# **Individual Planning DSCI 100 Project**

# 1: Data Description

### Data Collection Method:
- The data of both datasets were collected by the UBC research group, Pacific Laboratory for Artificial Intelligence through recording player behaviour in MineCraft.

### players.csv:
- The players dataframe has 196 observations, with 7 variables

| Variable | Description | Data type |
|----------|-------------|-----------|
| experience | Self-identifying Level of Experience | chr|
| subscribe  | TRUE if player is Subscribed to Newsletter| lgl |
| hashedEmail | Hashed Version of Player Email | chr |
| played_hours | Hours spent in game | dbl |
| name | Name of player | chr |
| gender | Gender of player | chr |
| age | Age of player | dbl |

### summary statistics
- From the `summary()` function:

| Variable | Min | Max | Mean |
|----------|-----|-----|------|
| played_hours | 0.00 | 223.10 | 5.85|
|age | 9.00 | 58.00 | 21.14 |


In [57]:
player_pro <- player_data |>
    filter(experience == "Pro")|>
    nrow()

player_veteran <- player_data |>
    filter(experience == "Veteran") |>
    nrow()

player_amateur <- player_data |>
    filter(experience == "Amateur")|>
    nrow()

player_regular <- player_data |>
    filter(experience == "Regular")|>
    nrow()

player_beginner <- player_data |>
    filter(experience == "Beginner")|>
    nrow()

player_rows <- nrow(player_data)

beginner_pc <- round((player_beginner/player_rows), 2)
amateur_pc <- round((player_amateur/player_rows), 2)
regular_pc <- round((player_regular/player_rows), 2)
veteran_pc <- round((player_veteran/player_rows), 2)
pro_pc <- round((player_pro/player_rows), 2)

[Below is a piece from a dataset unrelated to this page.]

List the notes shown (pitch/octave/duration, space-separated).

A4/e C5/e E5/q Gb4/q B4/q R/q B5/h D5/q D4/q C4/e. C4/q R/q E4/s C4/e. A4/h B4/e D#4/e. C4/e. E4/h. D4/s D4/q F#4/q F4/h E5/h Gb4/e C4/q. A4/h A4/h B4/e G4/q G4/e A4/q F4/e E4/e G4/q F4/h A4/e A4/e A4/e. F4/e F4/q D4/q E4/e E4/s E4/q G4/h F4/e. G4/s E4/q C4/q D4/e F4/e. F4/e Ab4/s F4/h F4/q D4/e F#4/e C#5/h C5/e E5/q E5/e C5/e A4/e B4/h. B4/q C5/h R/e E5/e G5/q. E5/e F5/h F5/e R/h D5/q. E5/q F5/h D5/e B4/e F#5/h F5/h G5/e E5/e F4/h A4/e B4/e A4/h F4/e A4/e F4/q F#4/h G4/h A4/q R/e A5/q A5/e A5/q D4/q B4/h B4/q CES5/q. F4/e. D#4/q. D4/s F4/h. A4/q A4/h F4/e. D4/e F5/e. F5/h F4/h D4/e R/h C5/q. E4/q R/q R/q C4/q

The proportion of self-identifying levels of experience is as follows:

- Beginner players: 0.18
- Amateur players: 0.32
- Regular players: 0.18
- Veteran players: 0.24
- Pro players: 0.07

In [59]:
true_players <- player_data |>
    filter(subscribe == TRUE) |>
    nrow()

false_players <- player_data |>
    filter(subscribe == FALSE) |>
    nrow()

true_pc <- round((true_players/player_rows), 2)
false_pc <- round((false_players/player_rows), 2)

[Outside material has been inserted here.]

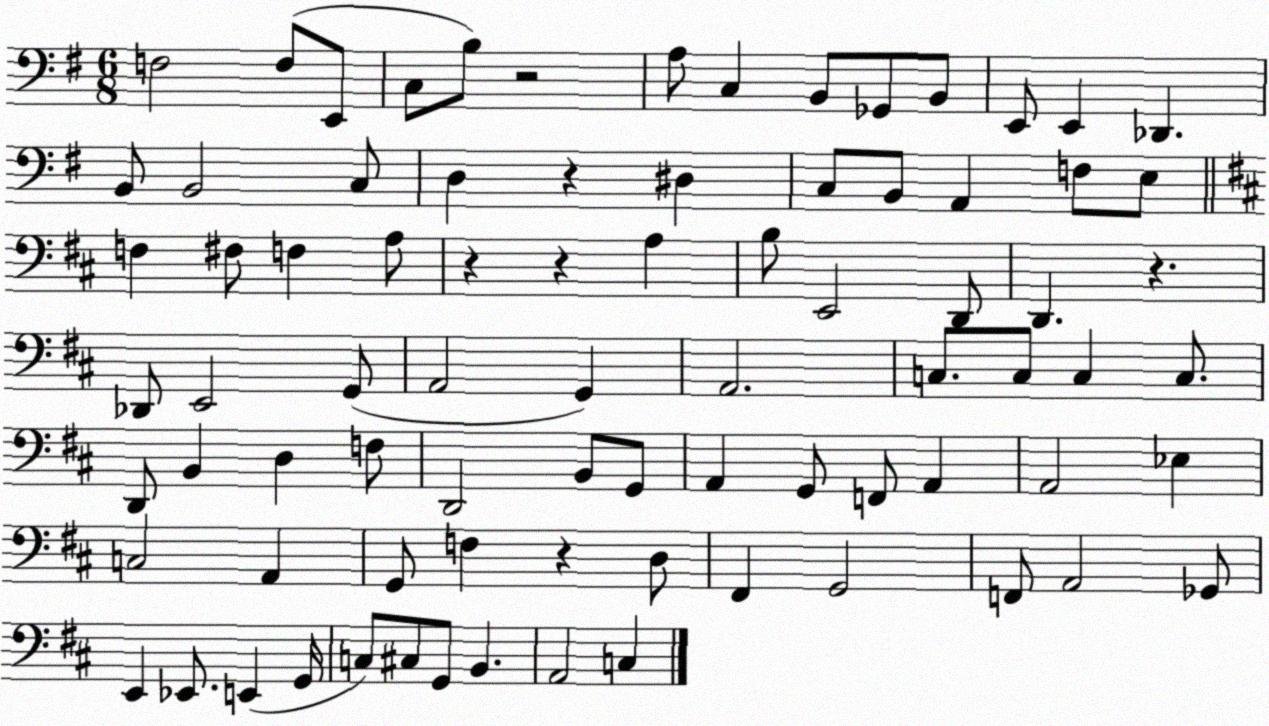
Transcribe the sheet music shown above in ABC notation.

The proportion of players subscribed to the game newsletter is as follows:
- True: 0.73
- False: 0.27

### sessions.csv
- The sessions dataframe has 1535 observations, with 5 observations
| Variable | Description | Data type |
|----------|-------------|-----------
| hashedEmail | Hashed Version of Player Email | chr |
| start_time | Start Time of Session | chr|
| end_time | End Time of Session | chr |
| original_start_time | Start Time Represented in UNIX time | dbl |
| original_end_time | End Time Represented in UNIX time | dbl |

### summary statistics
- From the `summary()` function:

| Variable | Min | Max | Mean |
|----------|-----|-----|------|
| original_start | 1.71e+12 | 1.73e+12 | 1.72e+12 |
| orginal_end_time | 1.71e+12 |1.73e+12 | 1.72e+12 |

## Issues
- Data is given in 2 separate .csv files, making the data difficult to interpret between the files. This can be solved through merging the datasets into one through their mutual variable (hashedEmail), using `inner_join`
- In the `players.csv` dataframe, experience can be changed to fct data types. Age can also be changed to an int data type.

# 2: Questions
**Broad question:** What player characteristics and behaviours are most predictive of subscribing to a game-related newsletter, and how do these features differ between various player types?

**Specific question:** Can the status of subscribing to a game-related newsletter be predicted from Age, gender, and played_hours?

# 3: Exploratory Data Analysis + Visualization
Using the tidyverse package, the datasets can be loaded into R with `read_csv`.

In [66]:
library(tidyverse)

player_data <- read_csv("data/players.csv") 
sessions_data <- read_csv("data/sessions.csv")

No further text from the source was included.